We're 50 something Aussies who have developed an enduring fascination with South East Asia. It's relatively close and always interesting for us - the people, food, architecture, culture, art, street life and many other aspects.

Travel dates are 15 April - 18 May 2016. Yes, it will be hot everywhere.
This trip will include some new places, and some previously visited favourites.

The destinations are:
1. Malaysia - George Town (4N) and Ipoh (1N).
2. Vietnam - Hanoi (2N), then a customised trek through the Mai Chau Valley, designed to catch the Sunday morning market at Pa Co (3N). Hanoi again (3N). We spent two weeks in Hanoi in 2009, and hope to see some change and some same-same. I've booked a date with Hanoi kids.

We fly early morning Hanoi - Da Nang and will see the Marble Mountains before catching a mid afternoon train to Hue (4N).

We fly Hue to KUL via Saigon with a 3 hour connection.
DH goes home on an overnight AirAsia flight to resume house and dog duties from our sitter. I stay one night at Tune Hotel KLIA2.

Then, I continue solo to -

3. Myanmar - Mandalay (and hopefully Hsipaw) plus Yangon, (13N yet to be split).

This will be my fourth visit to Myanmar, so I know to expect the unexpected.
I will catch up with teacher friends in Mandalay and hope to travel to Hsipaw with them. I'll spend time in/around Yangon with another teacher friend.
I've learnt that making advance arrangements with Myanmar people is not so easy, they're used to last minute. I've built in flexibility, we'll see what happens.

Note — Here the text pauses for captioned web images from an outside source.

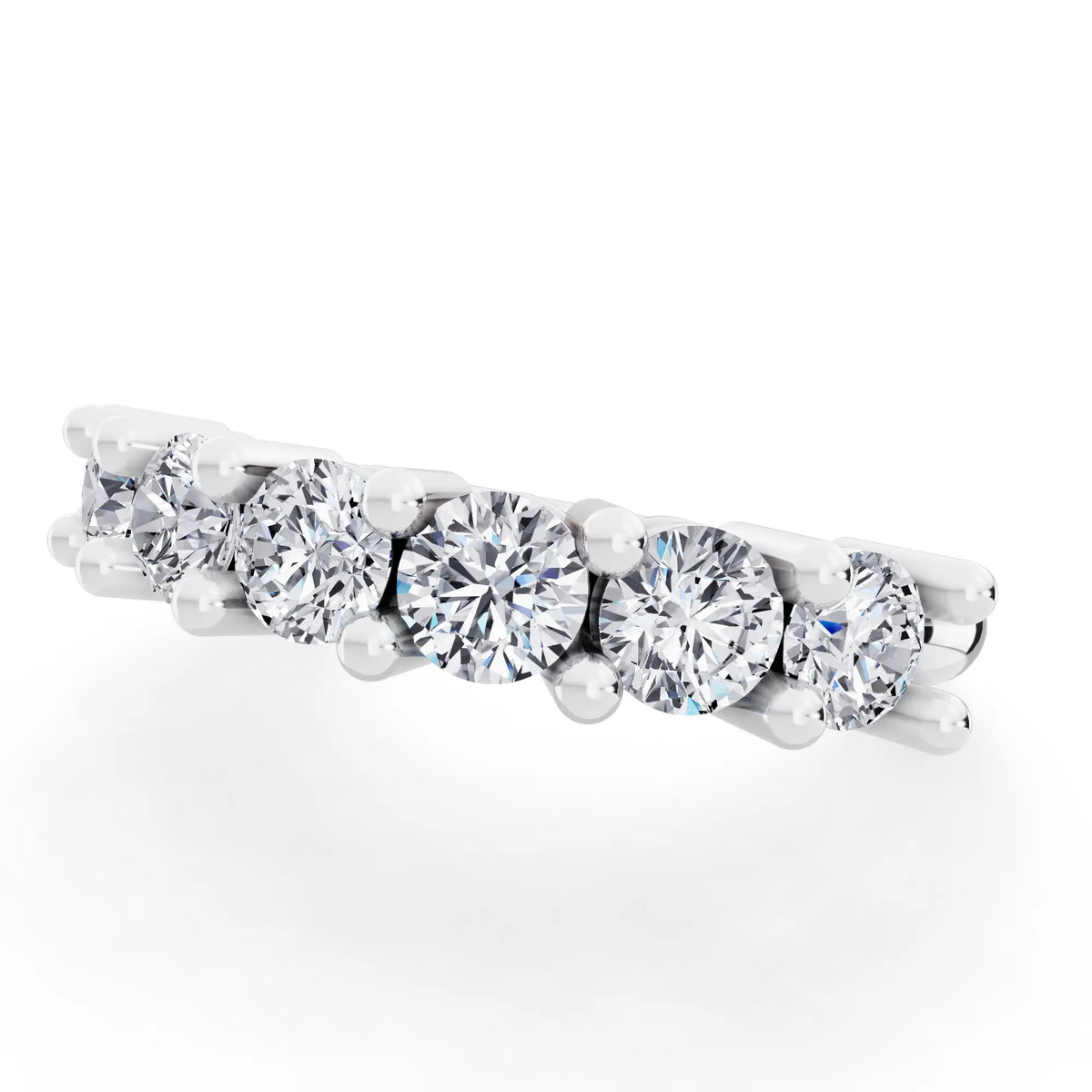 Platinum Seven Stone Round Cut Diamond Half Eternity Wedding Band - 1.8mm - Close up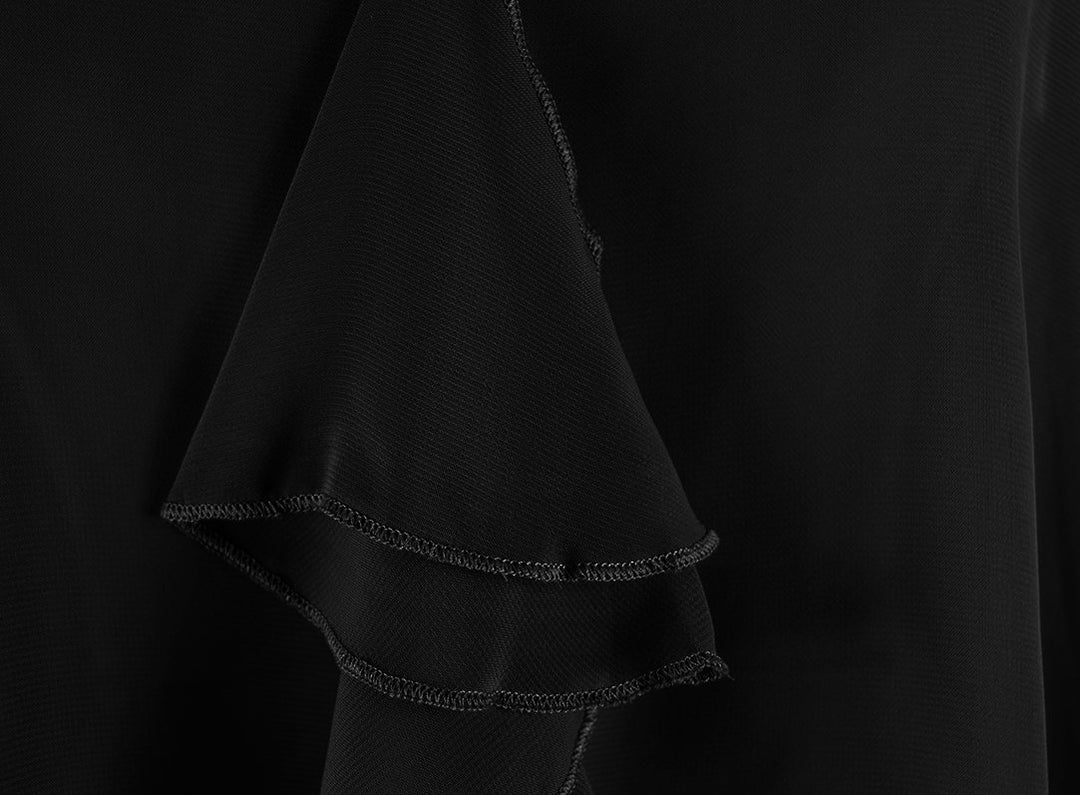 Vintage Sheer Light Summer Open Back Ruffle Evening Top Blouse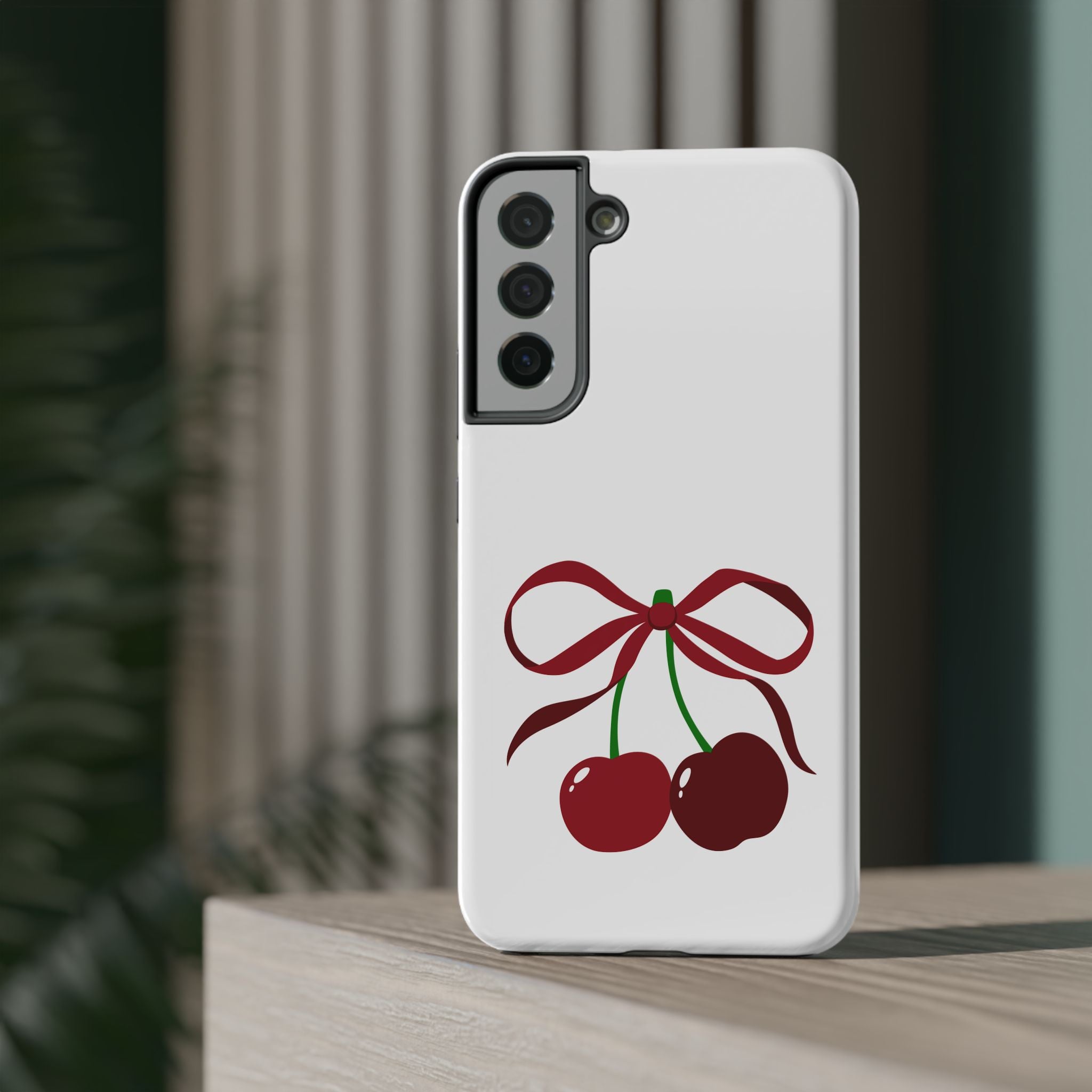 Customizable: Cherry Bow Impact-Resistant Case for Smartphones | Cute Phone Cover | Gift for Her | Cherry Lover's Accessory | Durable Phone Case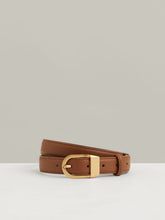 Reiss | Leather Curved-Buckle Belt in Tan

I'll be on the hunt for amazing street food in George Town, the secret to making pho (yes, it's all in the stock) in Hanoi, and the best of Myanmars amazing salads.

Our flight leaves at 22.10 tonight. We're in economy on AirAsia for an 8 hour flight to KUL. I put in a bid for an extra seat and won ! This time I won't forget the neck pillows. I have sleeping pills, and I am prepared to use them, although I don't expect to get any real sleep.

We have a short connecting flight to Penang, and will take a taxi to our hotel in George Town. Assuming the room is ready, we'll collapse...or maybe not.
TBC.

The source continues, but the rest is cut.